In 2005 Valdimir Putin said that “…the demise of the Soviet Union was the greatest geopolitical catastrophe of the [20th] century.”  So apparently for Putin, the murder of tens of millions of innocents by Hitler and Stalin was not as bad an occurence as the dissolution of the Soviet Union.  In reality, the dissolution of the Soviet Union was one of the most positive events of the 20th century enabling populations of many Eastern Block countries to once again live in some degree of freedom.

To remedy the so-called catastrophe of the dissolution of the Soviet Union, Putin is attempting to reconstruct the Soviet Union one land-grab at a time.  In 2008, Putin seized the South Ossetia and Abkhazia regions of the Republic of Georgia.  Despite the outrage of the West at the time, the issue has for practical purposes been forgotten by Western leaders and attempts to reunite these regions with Georgia have essentially been abandoned.

Now, following a popular overthrow of the corrupt Ukrainian government, Putin is proceeding to seize parts of, or all of, Ukraine.  In the words of US Secretary of State John Kerry, Putin has used the “completely trumped up pretext” of Russian speaking Ukrainians being endangered, to justify his seizure of Crimea and to prepare his armed forces to seize more territory.  Putin’s tactics hark back to Hitler’s claims that he was annexing Austria and the Sudetenland of Czechoslovakia to protect ethnic Germans.  The Western media foolishly parrots Russia’s assertion that Ukrainians in the east of the country would prefer to be under Russian domination without evidence to support this assertion.  Putin hires and buses-in demonstrators and provocateurs to support his thinly veiled deceptions.

Of one thing we may be sure, if Putin succeeds in holding Crimea and pieces of Georgia, he will continue to pursue his ambition to re-establish the greater Russian empire.  Attempting to appease a tyrant will only encourage him as we learned so well in World War II.
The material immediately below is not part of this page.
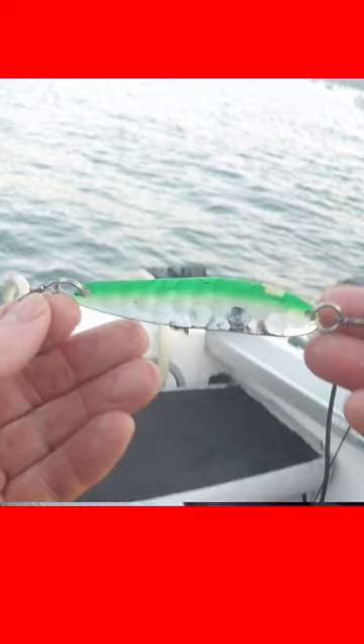Oh shit! Hey, good thing I was losing my line, look at that — he was not ready. Not even close.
The West must be resolute in ensuring that these acts of naked aggression are not only stopped but reversed.  The tactics can be discussed.  Russia is vulnerable – its economy is weak and the government is corrupt resulting in a kleptocratic society.  Moreover, Russia itself is a conglomerate of restive minorities who yearn to be free of tyrannical rule. The free world is facing its greatest challenge since what it thought was the end of the cold war.  Let us hope that the free world does not fail in resolutely dealing with this challenge.